Membahas apapun ketika masuk pada dimensi tarekat, maka semua terbahas secera mendalam, termasuk “Subhaanalladzii asro bi’abdihii” (Isra Mi’raj). Mengapa ayat ini diawali dengan kalimat “subhaana”, padalah kalau Allah menggunakan “alhamdu” saja apa salahnya? andaikan. Jawabannya adalah “dzilaalatan ‘ala ta’jiib”Hal itu menunjukkan keluarbiasaan. Ketika kafir-kafir Quraisy memandang Nabi Muhammad adalah manusia gila, pembohong, penipu dll, terlebih setelah di umur 53 tahun Beliau diberangkatkan melalui peristiwa Isra Mi’raj. Pagi harinya Beliau merenung bertafakur, lalu datanglah kafir Quraisy dan bertanya kepada Nabi Muhammad, “Muhammad sedang apa?”, lalu Nabi Muhammad menceritakan peristiwa Isra Mi’raj yang dialaminya tadi malam. Setelah mendengar cerita itu Kafir Quraisy malah mencibir dan tidak percaya akan peristiwa yang dialami Nabi Muhammad.

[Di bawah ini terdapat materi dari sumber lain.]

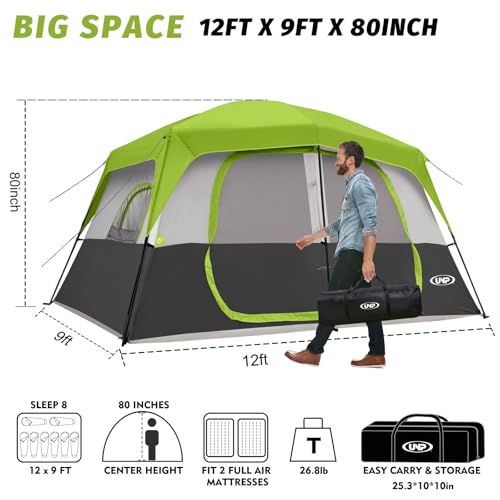 Image of UNP 2 /4 /6 /8 Person Tent, Portable Cabin Tent, Camping Tent 4-Person Easy Set Up, Waterproof with Top Rainfly for Outdoor Camping /Hiking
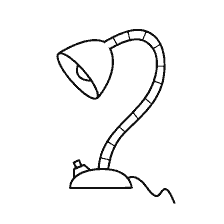 página para colorear: Imagen de una lámpara de mesa para colorear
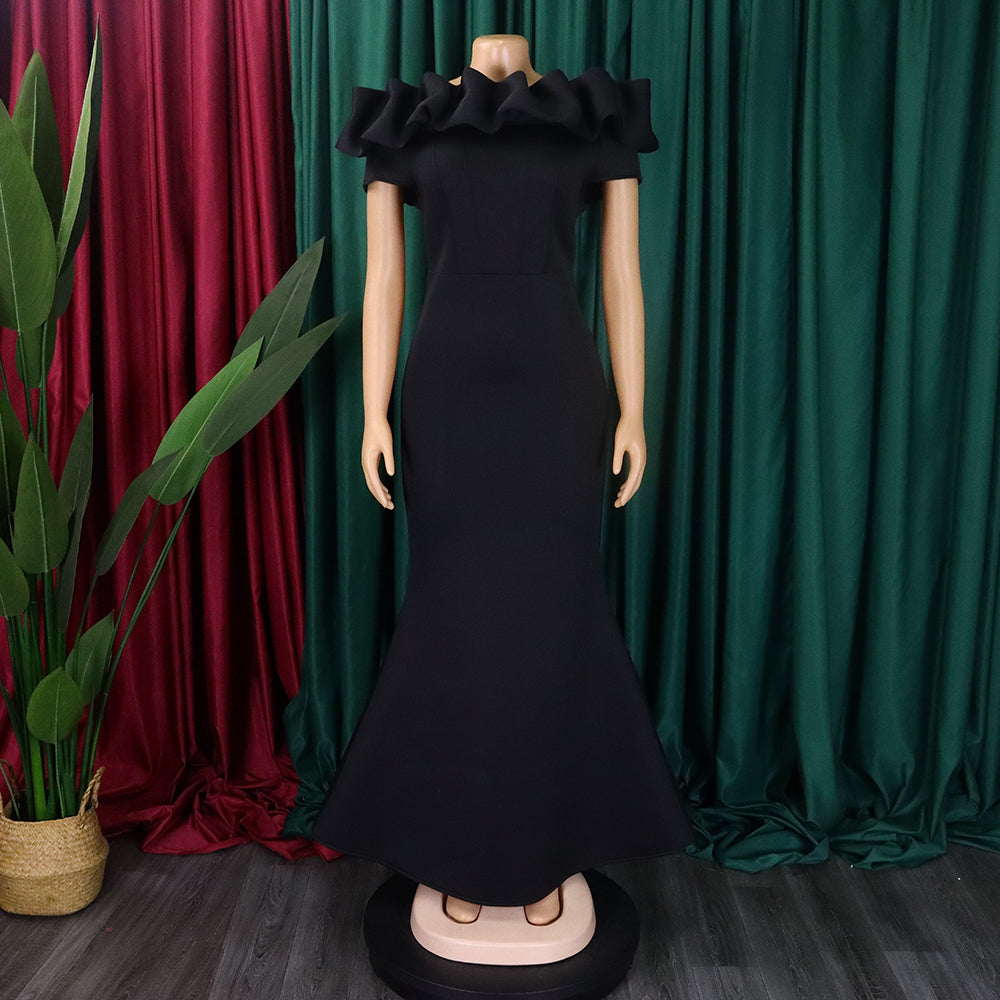 Women's Fashion Summer Solid Color Off Shoulder Mermaid Maxi Evening Dress 18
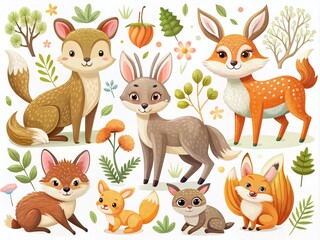 Woodland Mammal Characters in Nature - Forest Animals Vector Icons for Kids and Decor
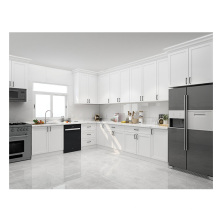 Modern White color Solid wood Kitchen Cabinet in Shaker Design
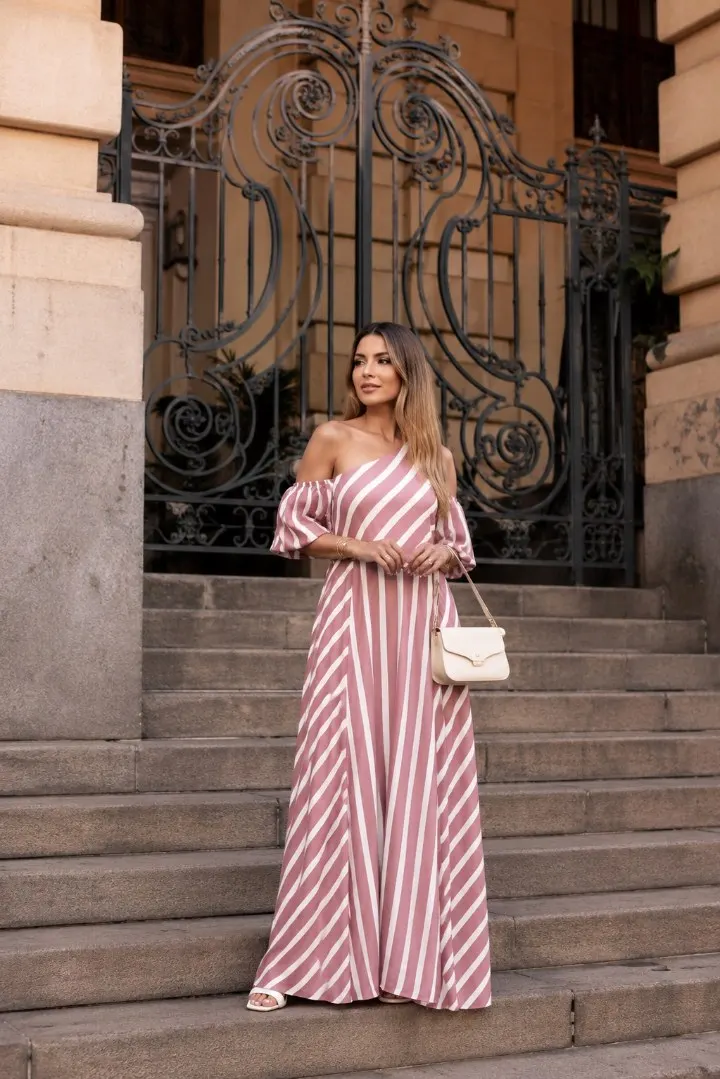 Vestido Longo Um Ombro Listrado — Rosa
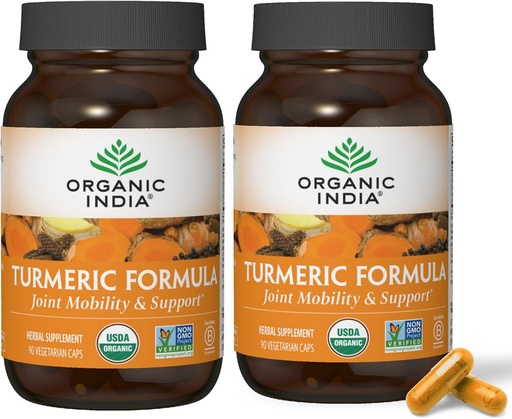 [BRSWGBABAR5AGDTA] ORGANIC INDIA Turmeric Curcumin with Black Pepper - Herbal Supplement, Joint Support & Immune System Support, Whole Root Supplement, Trikatu, USDA Certified Organic - 180 Capsules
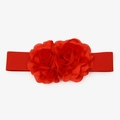 Elastic red fabric belt featuring two large red faux roses for dresses and suits - Red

“Wama ja’alna ru’yalati aroinaka illa fitnatal linnaas” benar-benar kejadian yang dialami oleh Nabi Muhammad yang bagaikan mimpi itu menjadi fitnah. Fitnah adalah ujian bagi keimanan. Ada yang tadinya sudah imannya kuat menjadi tipis, ada yang tipis menjadi kuat, ada yang iman menjadi murtad, ada yang tidak iman menjadi semakin tidak iman, itulah disebut fitnah. Hati-hati menggunakan kalimat fitnah, sebab kalimat fitnah di Indonesia di Asia Tenggara perlu diluruskan karena di kita fitnah itu diterjemahkannya menjadi menuduh. Konotasinya kalau fitnah adalah tuduhan. Kita luruskan, arti kalimat fitnah adalah ujian atau cobaan. Kalau saudara menterjemah fitnah adalah menuduh, bagaimana anda menterjemahkan ayat “innamaa azwaajukum wa aulaadukum fitnah” sesungguhnya istri-istrimu dan anak-anakmu adalah fitnah dengan makna adalah menuduh. Yang benar “sesungguhnya istri-istrimu dan anak-anakmu adalah ujian”. Pakailah tafsir yang benar. Kalau menuduh bahasa arabnya “Kodzfah” maka dalam hukum ada “haddul kodzaf” hukuman bagi orang yang menuduh orang lain.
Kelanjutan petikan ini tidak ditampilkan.